[THE INPUT Boundary: Start]

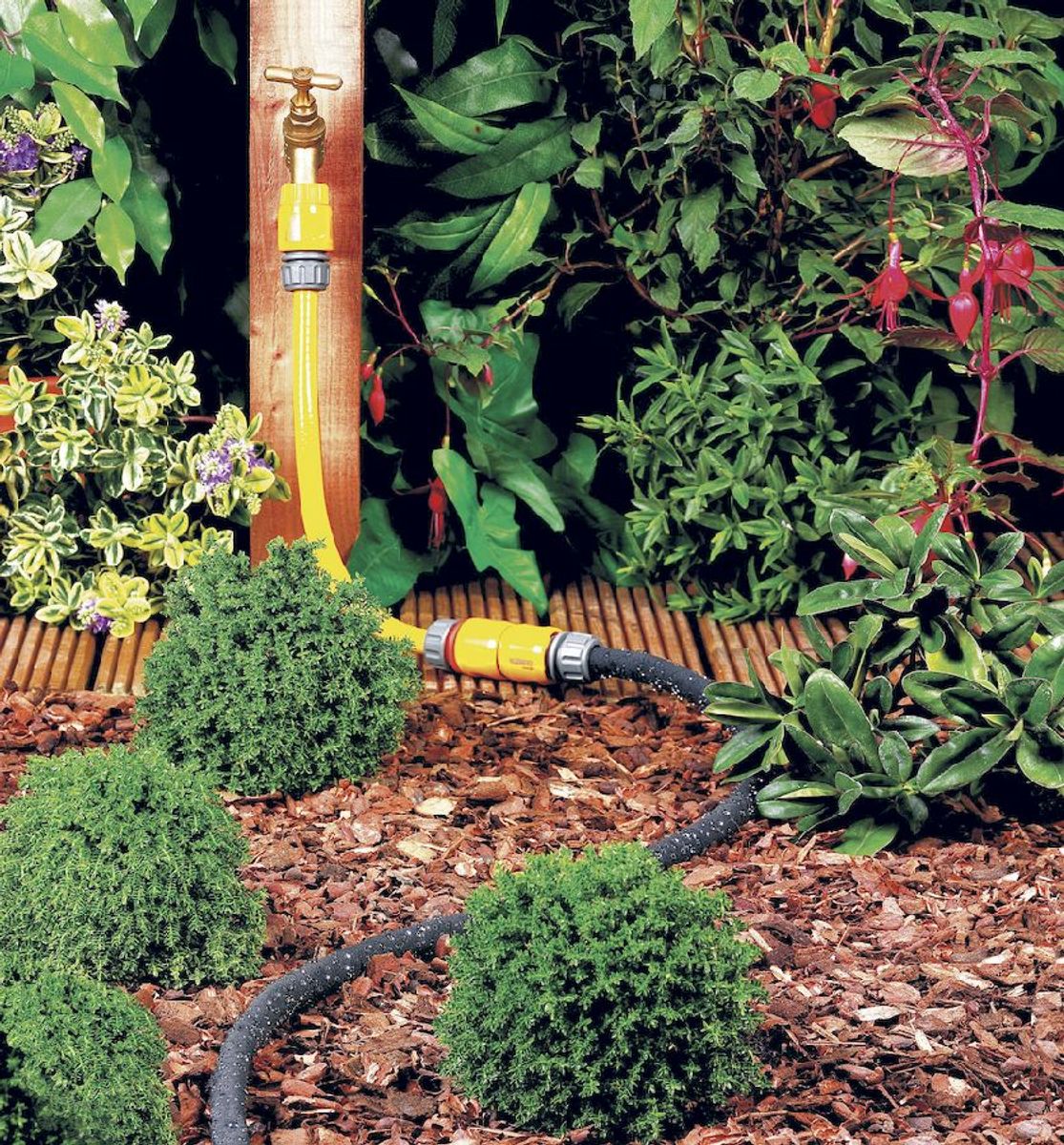 Hozelcok Druppelslang poreus - 20 meter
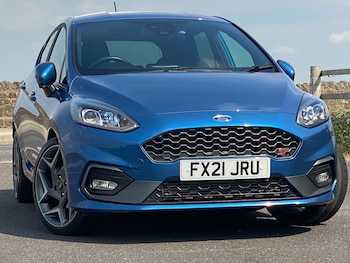 Used Ford Fiesta 2021 for sale - 78526935: Photo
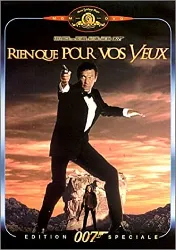 dvd james bond, rien que pour vos yeux (edition spéciale)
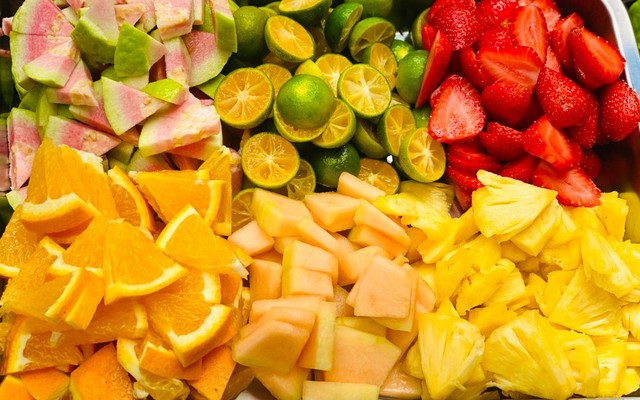 Ming Cha - Trà Sữa & Trà Trái Cây - Đường Số 1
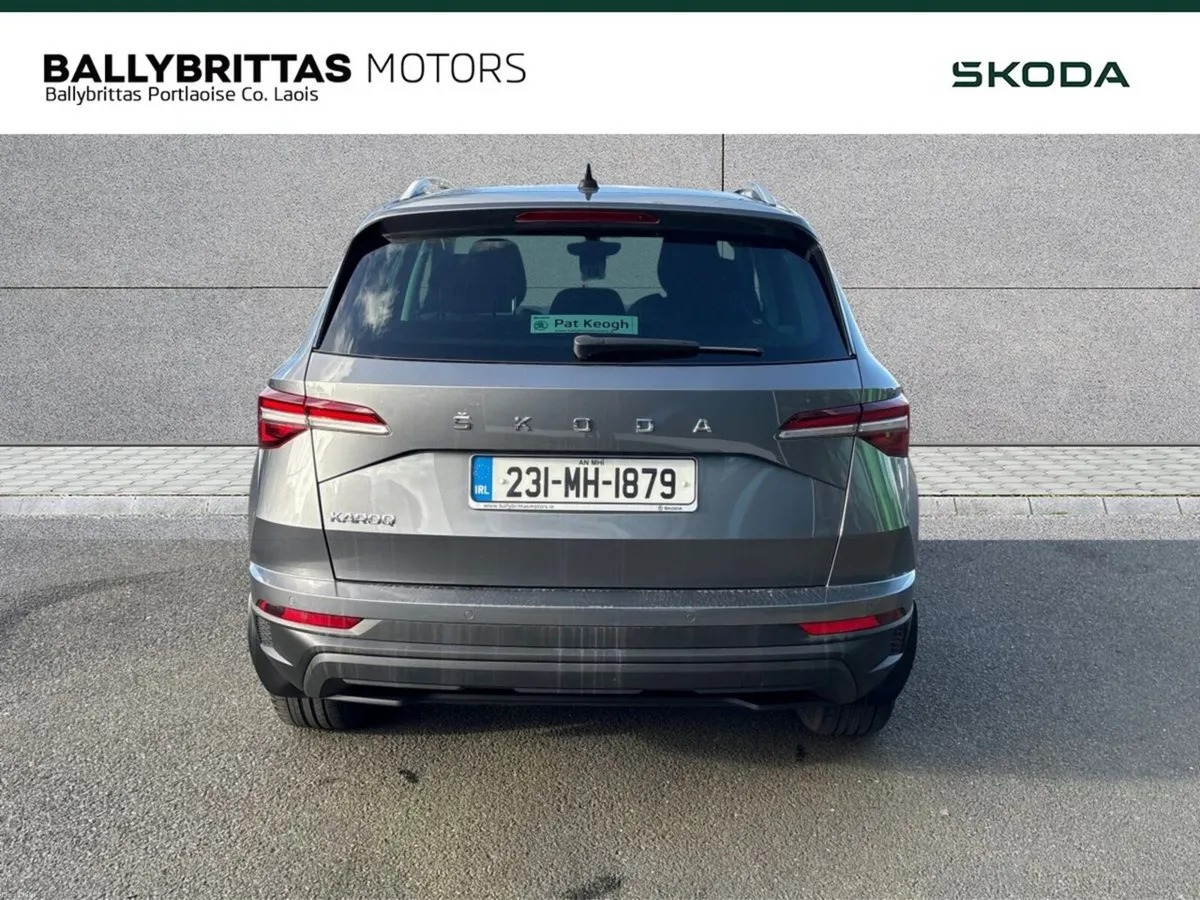 Skoda Karoq 2.0TDI 115HP Ambition - Image 4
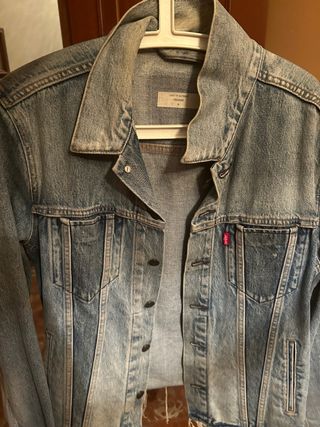 Chaqueta Vaquera Levi's Talla M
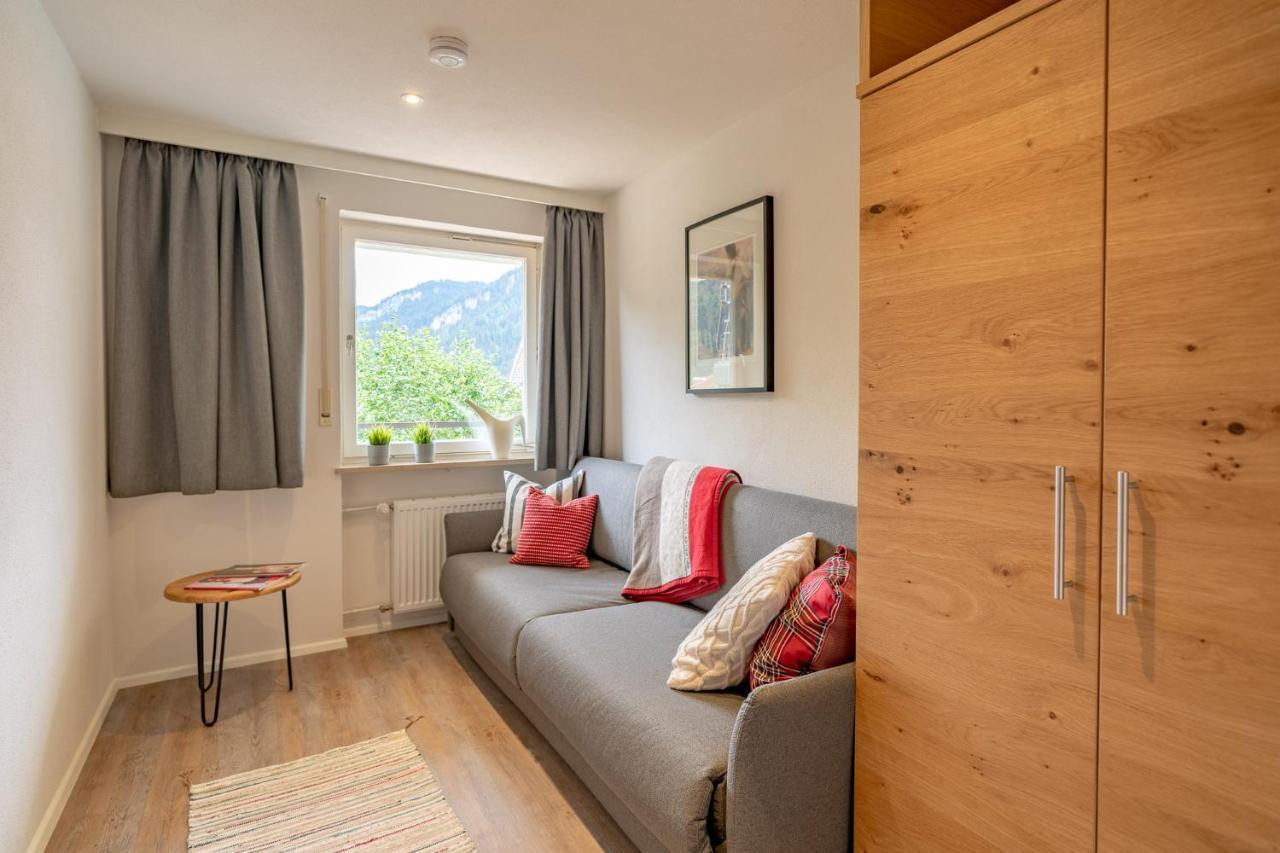 Hirschsprungblick Apartment Obermaiselstein Bagian luar foto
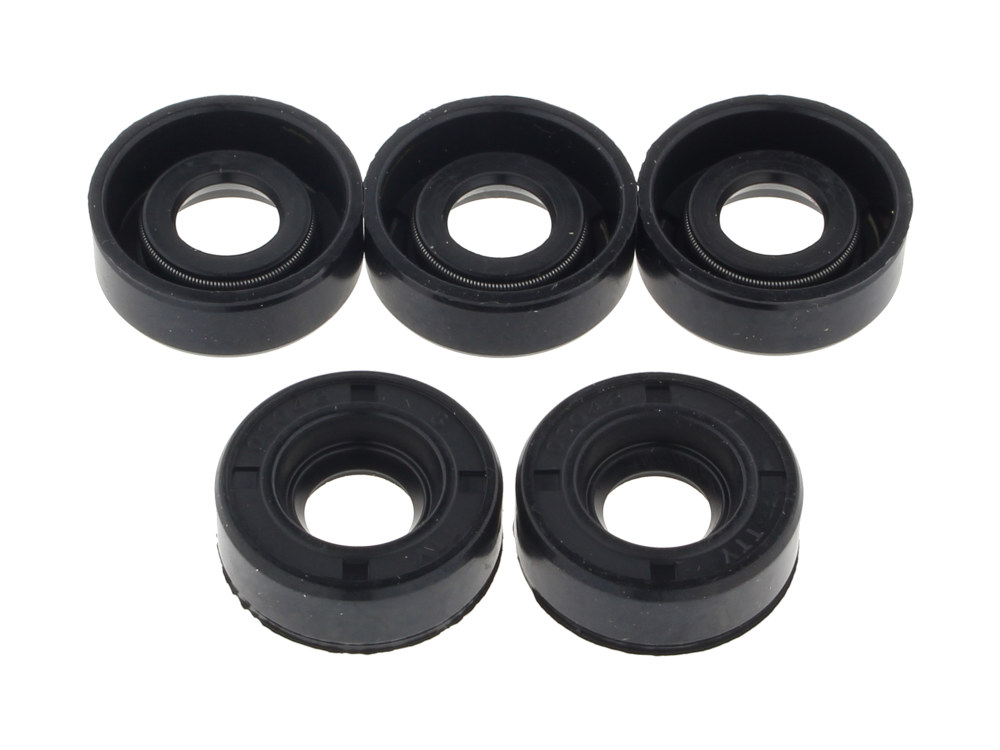 Cometic Gaskets Clutch Hub Nut Seal – Pack of 5. Fits Big Twin 1936-Early 1984.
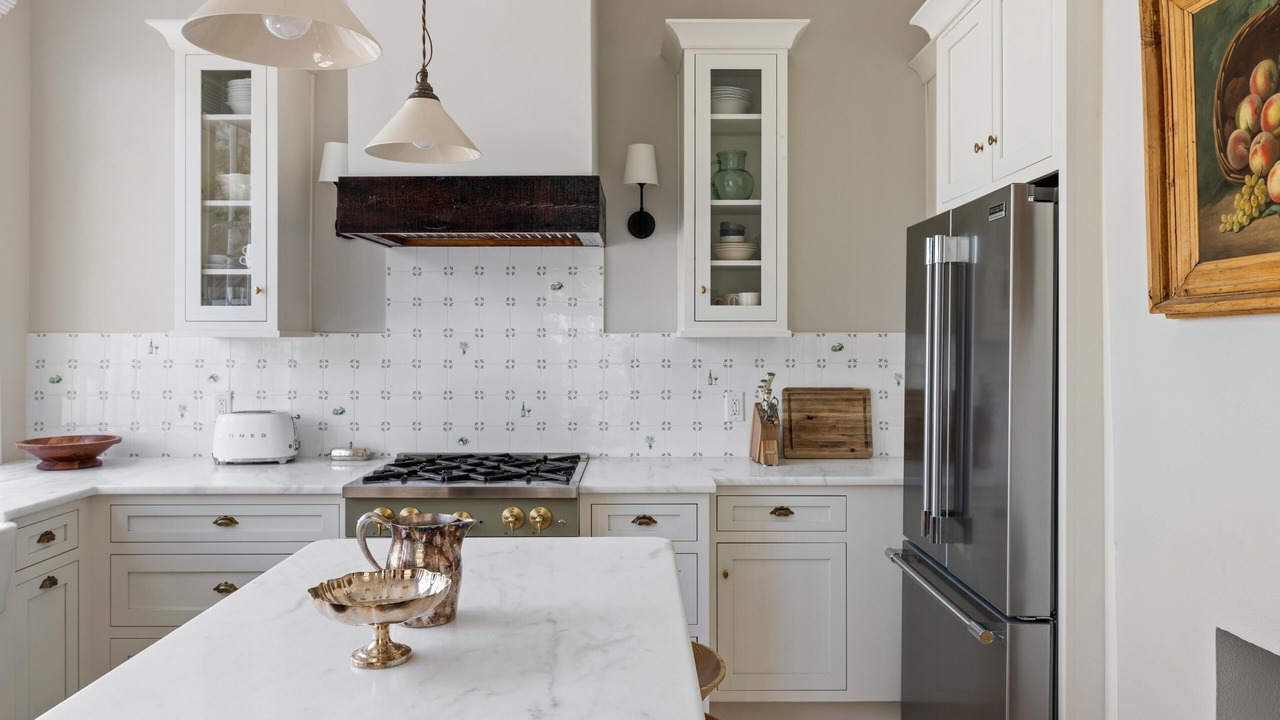 Photo of Kitchen in Harleston Village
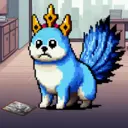 InuBlue4903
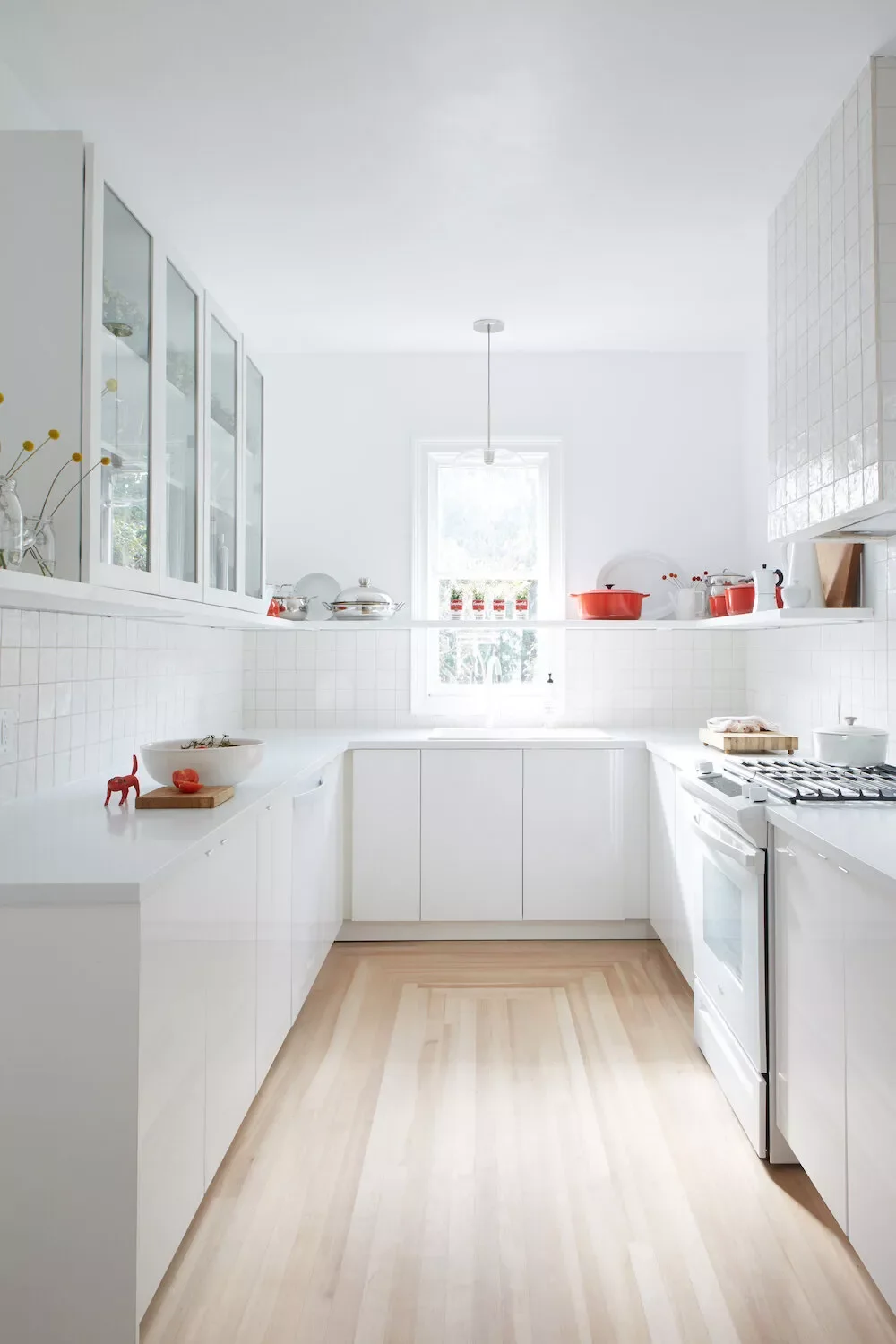 Small Kitchen Layout
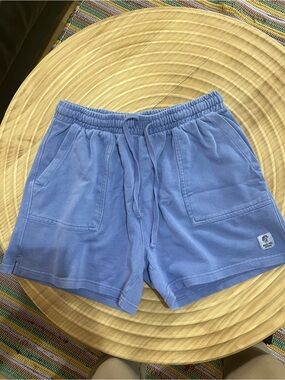 Bass pro shop Light Periwinkle Drawstring Lounge Shorts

[THE INPUT Boundary: End]

### ASSIGNMENT:
Without the pictures, give back every record precisely as shown.

### RESPONSE BELOW:
 Hozelcok Druppelslang poreus - 20 meter
 Used Ford Fiesta 2021 for sale - 78526935: Photo
 dvd james bond, rien que pour vos yeux (edition spéciale)
 Ming Cha - Trà Sữa & Trà Trái Cây - Đường Số 1
 Skoda Karoq 2.0TDI 115HP Ambition - Image 4
 Chaqueta Vaquera Levi's Talla M
 Hirschsprungblick Apartment Obermaiselstein Bagian luar foto
 Cometic Gaskets Clutch Hub Nut Seal – Pack of 5. Fits Big Twin 1936-Early 1984.
 Photo of Kitchen in Harleston Village
 InuBlue4903
 Small Kitchen Layout
 Bass pro shop Light Periwinkle Drawstring Lounge Shorts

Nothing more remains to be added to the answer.